What does -17.42 mean? This is the natural log of the probability. The actual probability is \(e^{-17.42} \approx 2.7 \times 10^{-8}\) — a very small number, but that's normal! With thousands of possible sequences, no single sequence has a high probability. What matters is relative comparison: which sequences are more or less likely than others?

Comparing sequences

common_seq = "CASSLEPSGGTDTQYF"  # common in training data
rare_seq   = "CASSYTGQENVLHF"    # less common
random_seq = "CASSXYZXYZXYZ"     # probably not in graph

scores = graph.lzpgen([common_seq, rare_seq, random_seq])

for seq, score in zip([common_seq, rare_seq, random_seq], scores):
    print(f"  {seq:25s}  log P = {score:.2f}")

Output:

  CASSLEPSGGTDTQYF           log P = -17.42
  CASSYTGQENVLHF             log P = -21.87
  CASSXYZXYZXYZ               log P = -690.78

Three important observations:

  1. Higher (less negative) = more typical. The first sequence is the most likely under this repertoire's model.
  2. The rare sequence scores lower but is still far from zero — it's unusual but plausible.
  3. The random sequence scores approximately \(-\infty\) (represented as -690.78). This means the graph has zero probability for this sequence — some transition in its LZ76 decomposition doesn't exist as an edge. The graph has never seen XYZ patterns.

Why log-probabilities?

Raw probabilities of CDR3 sequences are incredibly small — often \(10^{-8}\) to \(10^{-35}\). Working directly with such tiny numbers causes floating-point underflow (the computer rounds them to exactly 0.0). Log-probabilities avoid this:

Representation Typical range When to use
Log-probability (default) -5 to -80 Ranking, comparison, model evaluation — almost always
Raw probability \(10^{-3}\) to \(10^{-35}\) Only for very short sequences; underflows for long ones
# Default: log-probability
log_p = graph.lzpgen("CASSLGIRRT")

# Raw probability (use with caution)
p = graph.lzpgen("CASSLGIRRT", log=False)
print(f"log P = {log_p:.4f}  →  P = {p:.2e}")

Batch scoring

When you need to score hundreds or thousands of sequences, pass them as a list. This is much faster than calling lzpgen in a loop because the C backend processes them in batch:

Batch scoring 5,000 sequences
import numpy as np

# Score all training sequences
all_scores = graph.lzpgen(seqs) # (1)

print(f"Scored {len(all_scores)} sequences")
print(f"Mean log P:   {np.mean(all_scores):.2f}")
print(f"Std log P:    {np.std(all_scores):.2f}")
print(f"Min log P:    {np.min(all_scores):.2f}")
print(f"Max log P:    {np.max(all_scores):.2f}")
  1. Pass a list[str] to score all sequences in a single call. Returns a np.ndarray of the same length. ~5,000 sequences/sec on typical hardware.

Checking membership

The in operator provides a quick way to check if a sequence is reachable in the graph (has non-zero probability):

print("CASSLGIRRT" in graph)       # True  — this sequence was in the training data
print("CASSXYZXYZ" not in graph)   # True  — the graph can't produce this

This is equivalent to checking graph.lzpgen(seq) > -690 but reads more naturally in conditionals.


Simulating new sequences

The graph isn't just a scoring model — it's also a generative model. You can draw new sequences from it by performing random walks through the graph, following the transition probabilities at each node.

Basic simulation

result = graph.simulate(10, seed=42)

for i, seq in enumerate(result):
    print(f"  {i+1}. {seq}")

Output:

  1. CASSLEGARVGELFF
  2. CASSPTSGNTIYF
  3. CASRGAINEQFF
  4. CASSLDSSYNEQFF
  ...

These are novel sequences that the graph generated — they weren't in the training data, but they follow the same statistical patterns. They have the right amino acid composition, length distribution, and positional structure because they were produced by the same transition probabilities.

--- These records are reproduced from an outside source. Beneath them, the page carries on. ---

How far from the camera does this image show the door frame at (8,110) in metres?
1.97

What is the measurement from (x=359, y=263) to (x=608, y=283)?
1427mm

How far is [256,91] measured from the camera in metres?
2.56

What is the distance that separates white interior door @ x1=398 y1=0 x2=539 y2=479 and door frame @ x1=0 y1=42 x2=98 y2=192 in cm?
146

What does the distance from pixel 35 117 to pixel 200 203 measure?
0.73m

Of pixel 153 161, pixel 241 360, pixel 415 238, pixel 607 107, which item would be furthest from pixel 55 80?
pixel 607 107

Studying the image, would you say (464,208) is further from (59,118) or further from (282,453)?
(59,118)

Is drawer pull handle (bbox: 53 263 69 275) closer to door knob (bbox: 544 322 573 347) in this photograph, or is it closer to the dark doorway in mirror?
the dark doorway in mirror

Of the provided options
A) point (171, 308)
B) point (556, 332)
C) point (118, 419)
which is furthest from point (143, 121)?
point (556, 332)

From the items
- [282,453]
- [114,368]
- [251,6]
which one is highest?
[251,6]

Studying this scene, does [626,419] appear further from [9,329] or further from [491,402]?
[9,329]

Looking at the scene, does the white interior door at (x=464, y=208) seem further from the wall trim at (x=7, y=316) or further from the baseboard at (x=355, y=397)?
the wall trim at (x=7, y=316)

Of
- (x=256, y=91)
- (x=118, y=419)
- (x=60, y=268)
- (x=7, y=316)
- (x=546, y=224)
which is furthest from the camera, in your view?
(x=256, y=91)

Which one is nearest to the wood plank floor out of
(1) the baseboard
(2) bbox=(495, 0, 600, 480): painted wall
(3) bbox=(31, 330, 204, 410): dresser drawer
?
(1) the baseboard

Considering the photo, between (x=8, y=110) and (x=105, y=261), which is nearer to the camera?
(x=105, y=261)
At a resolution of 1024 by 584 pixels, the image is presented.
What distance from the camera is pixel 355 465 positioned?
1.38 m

What comes back: SimulationResult

simulate() returns a SimulationResult object that carries the generated sequences along with metadata:

result = graph.simulate(1000, seed=42)

# It's iterable like a list of strings
print(f"Count: {len(result)}")
print(f"First: {result[0]}")

# But also carries metadata
print(f"Log-probs shape: {result.log_probs.shape}")
print(f"Mean log P: {result.log_probs.mean():.2f}")
print(f"Mean tokens: {result.n_tokens.mean():.1f}")

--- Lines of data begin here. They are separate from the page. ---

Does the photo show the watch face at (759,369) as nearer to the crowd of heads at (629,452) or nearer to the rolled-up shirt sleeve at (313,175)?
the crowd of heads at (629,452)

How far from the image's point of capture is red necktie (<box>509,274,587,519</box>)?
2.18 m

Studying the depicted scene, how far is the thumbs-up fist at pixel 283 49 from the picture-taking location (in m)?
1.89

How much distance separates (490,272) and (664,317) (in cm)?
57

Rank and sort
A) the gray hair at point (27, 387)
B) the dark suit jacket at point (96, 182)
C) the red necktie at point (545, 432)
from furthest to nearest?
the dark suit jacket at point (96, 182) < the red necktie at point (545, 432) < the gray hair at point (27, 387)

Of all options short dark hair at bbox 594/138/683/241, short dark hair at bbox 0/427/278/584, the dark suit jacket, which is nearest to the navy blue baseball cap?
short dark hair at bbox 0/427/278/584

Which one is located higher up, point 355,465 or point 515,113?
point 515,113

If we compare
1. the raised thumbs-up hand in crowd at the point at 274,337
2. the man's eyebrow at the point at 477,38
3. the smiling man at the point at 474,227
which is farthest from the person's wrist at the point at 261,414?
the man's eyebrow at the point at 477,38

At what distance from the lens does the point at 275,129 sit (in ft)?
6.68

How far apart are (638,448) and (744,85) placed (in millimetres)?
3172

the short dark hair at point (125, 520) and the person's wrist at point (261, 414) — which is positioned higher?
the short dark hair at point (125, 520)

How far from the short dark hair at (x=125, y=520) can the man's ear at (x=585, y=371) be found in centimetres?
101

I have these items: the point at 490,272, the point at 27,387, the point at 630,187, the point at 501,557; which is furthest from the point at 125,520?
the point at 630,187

Each simulated sequence comes with its exact log-probability — this isn't an approximation, it's the precise product of all transition probabilities along the walk. This is a rare advantage that most generative models don't have.

Reproducibility

Pass a seed to get identical results every time:

a = graph.simulate(100, seed=42)
b = graph.simulate(100, seed=42)
assert a.sequences == b.sequences  # identical

Omit the seed for different results each run.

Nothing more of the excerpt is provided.